Le Elegidia cantano l’amore di Sulpicia per Cerinto. Probabilmente si tratta di uno pseudonimo, che forse nasconde il nome di Cornutus, amico di Tibullo, e che di certo si riferisce ad un uomo di condizione sociale inferiore rispetto a quella di lei, visto che nella terza elegia ella sembra rinfacciare all’amante fredifrago il suo rango.
Le Elegidia sono un breve canzoniere, di 40 versi in totale, scritto in forma di piccoli biglietti d’amore.
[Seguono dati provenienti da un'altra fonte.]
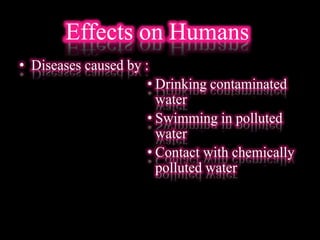 Effects on Humans
• Diseases caused by :
• Drinking contaminated
water
• Swimming in polluted
water
• Contact with chemically
polluted water
 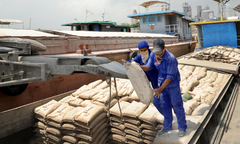 Thanh tra làm rõ tin sai phạm và thua lỗ tại Vicem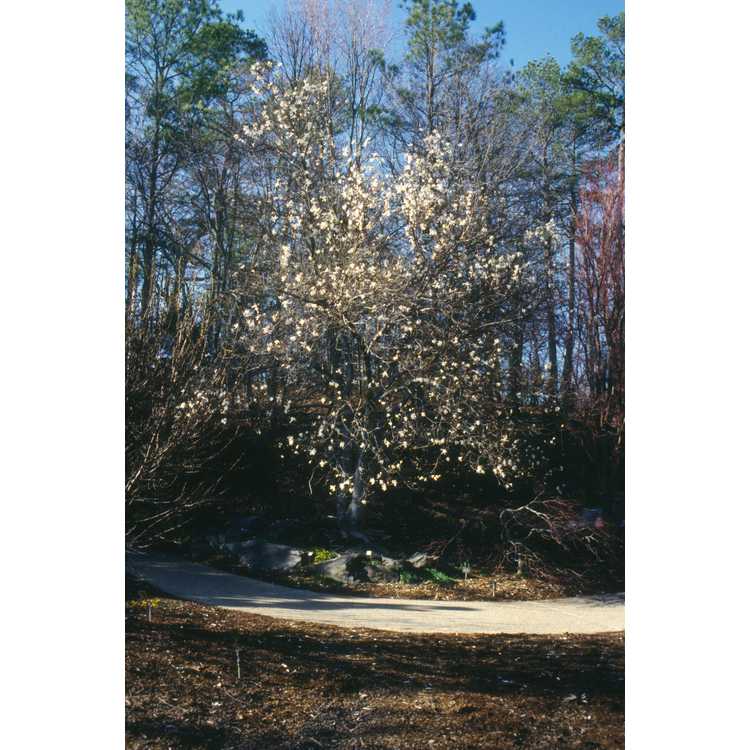 Magnolia stellata - star magnolia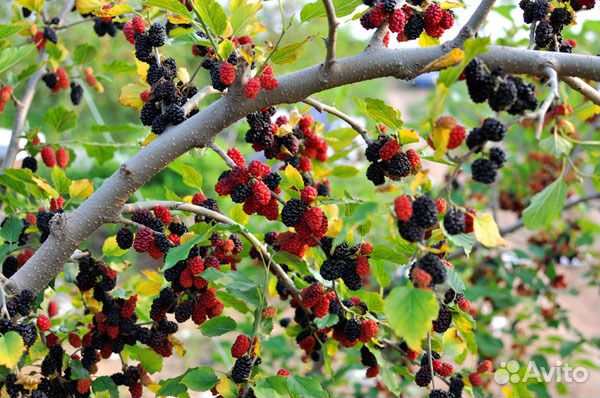 Саженцы Шелковицы бронь на весну,осень24г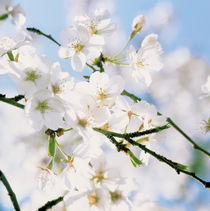 Delicate cherry blossoms and blue sky von Intensivelight Panorama-Edition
Leggendolo ci possiamo fare un’idea realistica della storia d’amore della ragazza.
Già nella prima si evince che il suo non è un amore platonico, ma un amore passionale e ricambiato. Nella seconda, Sulpicia lamenta il fatto di essere costretta a trascorrere il compleanno lontana da Roma, e quindi dal suo amato, per volere del suo tutore. Ma nella terza elegia ella comunica con gioia a Cerinto che il trasferimento in campagna è stato annullato.
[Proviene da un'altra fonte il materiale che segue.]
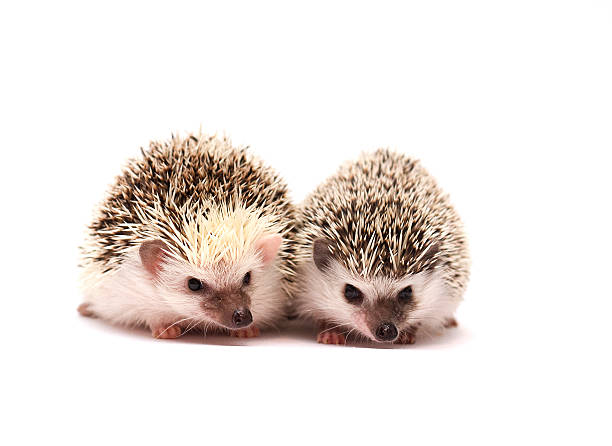 istock cute and fun two african pygmy hedgehog baby 522561049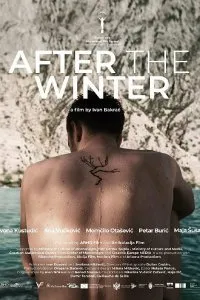 Постер к фильму "После зимы"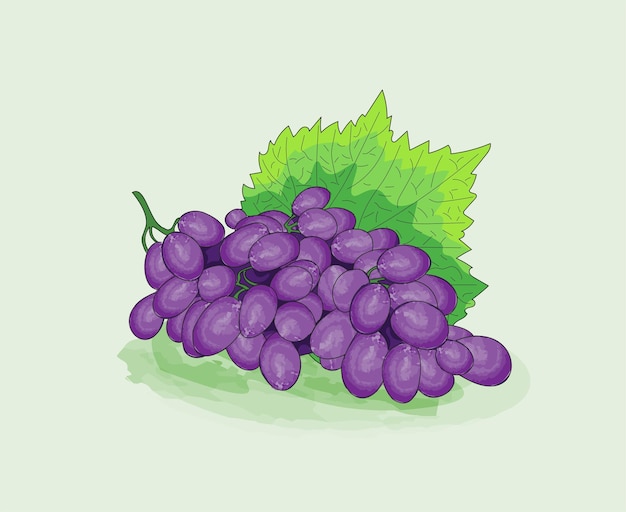 Watercolor grape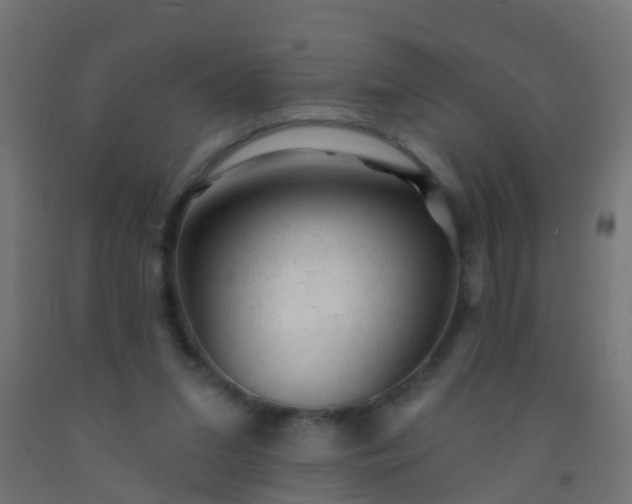 X0000092300207200709281333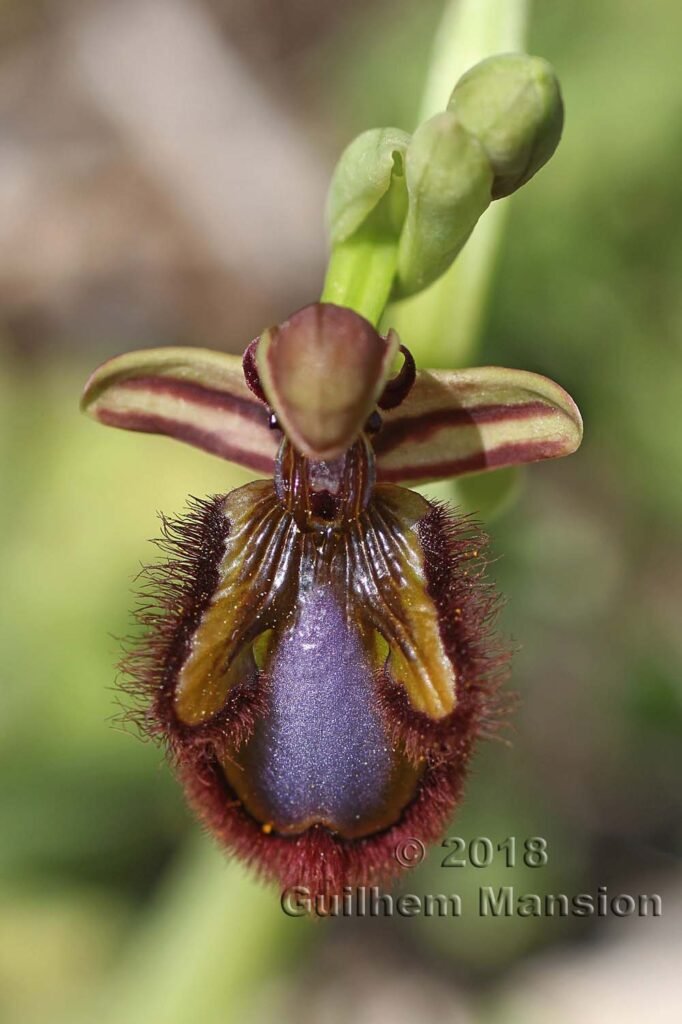 Ophrys speculum dans la Serrania de Ronda (Espagne, Andalousie)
La quarta elegia ha tono differente. Sulpicia accusa Cerinto di tradirla con una prostituta, e la ragazza comprende allora il dolore di coloro che si sono preoccupati per lei per il fatto che si fosse concessa ad un uomo indegno.
Nella quinta, la ragazza è malata, ma non esprime il desiderio di guarire, dal momento che lui non si è curato della sua malattia.
L’ultimo componimento, infine, è una dichiarazione d’amore passionale.
I
L’amore alfin è venuto, ed occultarlo al pudore
più che aprirlo a qualcuno mi sarebbe vergogna.
Pregata dalle mie Muse, me lo portò Citerea,
ed ella lo depose entro le nostre braccia.
Venere fu di parola: e se diranno che alcuno
di suoi non ne ebbe, quello racconti i miei piaceri.
Non voglio confidar nulla a buste con il sigillo,
perché nessuno prima del mio caro lo legga:
Piace il peccare, ma secca il fare un viso contrito;
si dica ch’eravamo degni l’una dell’altro.
II
Che compleanno noioso tristemente dovrò trascorrere
nell’odiosa campagna senza il mio Cerinto!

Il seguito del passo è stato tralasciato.